Wells P N
Br J Radiol. 1986 Dec;59(708):1143-51. doi: 10.1259/0007-1285-59-708-1143.
Progress in diagnostic ultrasound is driven by the development of new technology. The place of new techniques in diagnostic algorithms has to be determined jointly by radiologists and clinicians and appropriate arrangements have to be made for training. About 30 million pounds per year is currently spent on diagnostic ultrasound in the UK. Diagnostic ultrasound depends on the information obtained as a result of ultrasonic irradiation of the patient. Biological effects, some of which are undesirable, can be produced by ultrasound but there is no evidence that the exposures used in diagnosis carry any risk. In judging whether ultrasonic scanning is appropriate in any particular situation, it is necessary to consider benefits, costs and available resources. The costs include not only the costs of the test but also the cost of any hypothetical ultrasonic hazard and the cost of misdiagnosis. The most prudent use of ultrasound is that which maximises the benefit-total-cost ratio and although this cannot presently be quantified, some of the concepts involved can be understood in terms of the health increment and the health decrement, the latter apparently being equal to zero when the diagnosis is correctly made using contemporary equipment. This approach can be extended to introduce the idea of profit arising from the test. As an example, obstetric ultrasound is considered to be appropriate when there is a medical indication for it. Although routine scanning at 16 weeks of pregnancy has been shown to result in a very large profit, there is still conflicting guidance about its advisability on the grounds of safety and existing accounting systems may restrict access to the profit. In discussing the desirability of ultrasonic scanning, patients can be informed that there is no reason to believe that there are any risks related to ultrasonic exposure. The imminent availability of inexpensive ultrasonic scanners for the layman is a worrying prospect to which the medical profession should now try to develop a prudent response.
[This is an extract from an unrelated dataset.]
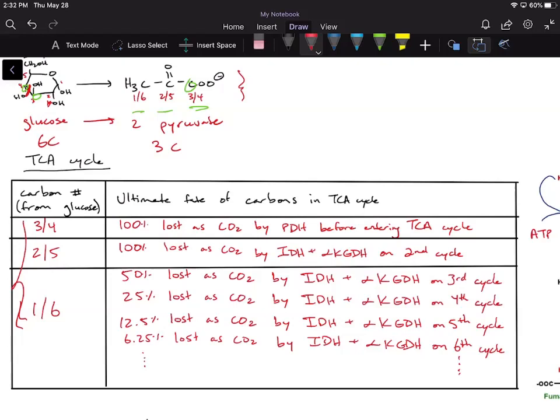This table summarizes what is happening for each of those carbons. For carbons three and four, 100% of those carbons will be lost as CO2 by PDH before entering the TCA cycle. For carbons two and five, 100% will be lost as CO2 by isocitrate dehydrogenase and alpha-ketoglutarate dehydrogenase on the second cycle. For carbons one and six, you get a 50% loss on the third cycle, an additional 25% loss on the fourth cycle for a total of 75%, then an additional 12.5% loss on the fifth cycle for a total of 87.5%, and so on — every cycle after the third, you lose half of your radiolabel.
诊断超声的进展是由新技术的发展推动的。新技术在诊断算法中的地位必须由放射科医生和临床医生共同确定,并必须为培训做出适当安排。目前英国每年在诊断超声方面的花费约为3000万英镑。诊断超声依赖于对患者进行超声照射所获得的信息。超声可能会产生一些不良的生物效应,但没有证据表明诊断中使用的超声照射会带来任何风险。在判断超声扫描在任何特定情况下是否合适时,有必要考虑益处、成本和可用资源。成本不仅包括检查的成本,还包括任何假设的超声危害成本和误诊成本。超声的最谨慎使用是使效益-总成本比最大化,尽管目前无法对此进行量化,但其中一些相关概念可以从健康增量和健康减量的角度来理解,当使用现代设备正确做出诊断时,后者显然等于零。这种方法可以扩展到引入检查所产生利润的概念。例如,当有医学指征时,产科超声被认为是合适的。尽管已证明在怀孕16周时进行常规扫描会带来非常大的利润,但关于其安全性的建议仍存在争议,而且现有的核算系统可能会限制获取利润。在讨论超声扫描的可取性时,可以告知患者没有理由相信超声照射存在任何风险。面向普通大众的廉价超声扫描仪即将问世,这是一个令人担忧的前景,医学界现在应该努力制定谨慎的应对措施。